Other School Priorities

Get rid of the SoLs, NOW. Stop paying Pearson one red cent.
Let principals and teachers select their evaluation tools.
Evaluate students only to establish who needs help at the inflection points, third and ninth grades.
Give greater autonomy to principals, and less to districts.
Evidence based science education starting in kindergarten.
School gardens at every school that are part of the meals, small animal husbandry, and large where appropriate.

Health Care

I’m tired of waiting for the federal Government to get its act together. With Medicaid expansion, Virginia has a small enough number of uninsured that we should be able to come up with a solution as a state.

Drug prices are nuts, I’m linking to a website run by a group of drug manufacturers, so keep that in mind as you read it. Pharmacy Benefit Managers (PBM) are only part of why medication costs to the CONSUMER are high and unpredictable. The Commonwealth can and should act. My proposal is a single formulary, administered by the Commonwealth. Possibly not something that would be needed permanently, but healthcare is not a free market and right now everyone except the insurance companies and the PBMs are getting hosed.

PBMs are running the independent pharmacies out of business. Part of the goal of a state formulary, would be protecting independent pharmacists from these predatory practices. Rural areas especially need independents. When we needed help at the free clinic, we didn’t go to CVS or RiteAid, we went to Gloucester Pharmacy. I want to keep my opponent in business, just not in the General Assembly.

The end goal should be healthcare free at the point of service. No deductibles, no co-pays.
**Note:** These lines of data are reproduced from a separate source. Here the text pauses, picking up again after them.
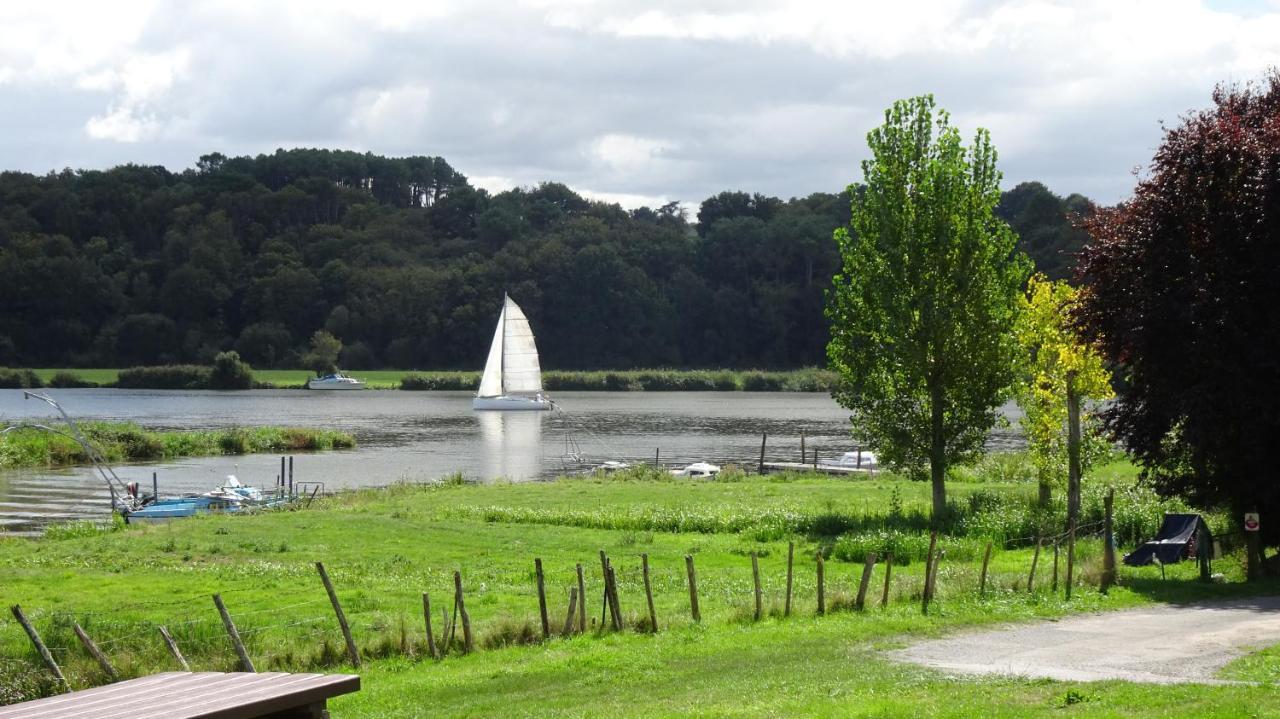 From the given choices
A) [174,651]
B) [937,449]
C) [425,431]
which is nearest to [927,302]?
[937,449]

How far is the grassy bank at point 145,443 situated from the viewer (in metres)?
65.2

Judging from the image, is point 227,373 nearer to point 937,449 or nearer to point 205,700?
point 937,449

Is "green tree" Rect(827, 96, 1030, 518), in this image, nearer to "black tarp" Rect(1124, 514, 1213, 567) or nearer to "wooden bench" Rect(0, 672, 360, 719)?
"black tarp" Rect(1124, 514, 1213, 567)

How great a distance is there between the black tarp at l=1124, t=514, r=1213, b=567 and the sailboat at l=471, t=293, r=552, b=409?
74409 millimetres

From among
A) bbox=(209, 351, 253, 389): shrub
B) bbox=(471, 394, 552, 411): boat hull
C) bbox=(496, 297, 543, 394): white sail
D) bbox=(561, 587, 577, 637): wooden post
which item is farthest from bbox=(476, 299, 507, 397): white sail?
bbox=(561, 587, 577, 637): wooden post

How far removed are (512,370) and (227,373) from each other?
5943 cm

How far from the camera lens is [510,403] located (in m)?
107

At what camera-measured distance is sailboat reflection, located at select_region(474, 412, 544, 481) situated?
6521cm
Ask the Canadians, the UK, Australia, NZ, they all think we’re insane.

Drugs aren’t included in that in some systems, they are in others.

Germany and/or Switzerland may have the system that is the best model for us, but they both involve more cost-sharing at the point of use than the others. (They also have much higher minimum wages, think about that before you jump this way.)

Infrastructure

Conversion of the public monies into private profit is the besetting governmental sin of our time.

Rural broadband is going to take public investment in publicly owned infrastructure. We need to put conduit in as we repair roads. We need public fiber to communities and then let small businesses take it the last mile. The cost of entry into the ISP business has risen so high we have defacto monopolies. Let’s lower that. Usage fees from the ISPs can recoup the cost and keep the program going.

Roads (and bridges), instead of frittering away that $551.9 million surplus on small tax refunds, we could have used it as a capital fund for the roads. Using years of plenty to buttress against lean years is economic management so old it’s biblical, but the GOP can’t manage it. We’ve gotten behind, we need to catch up and get ahead before the next lean time.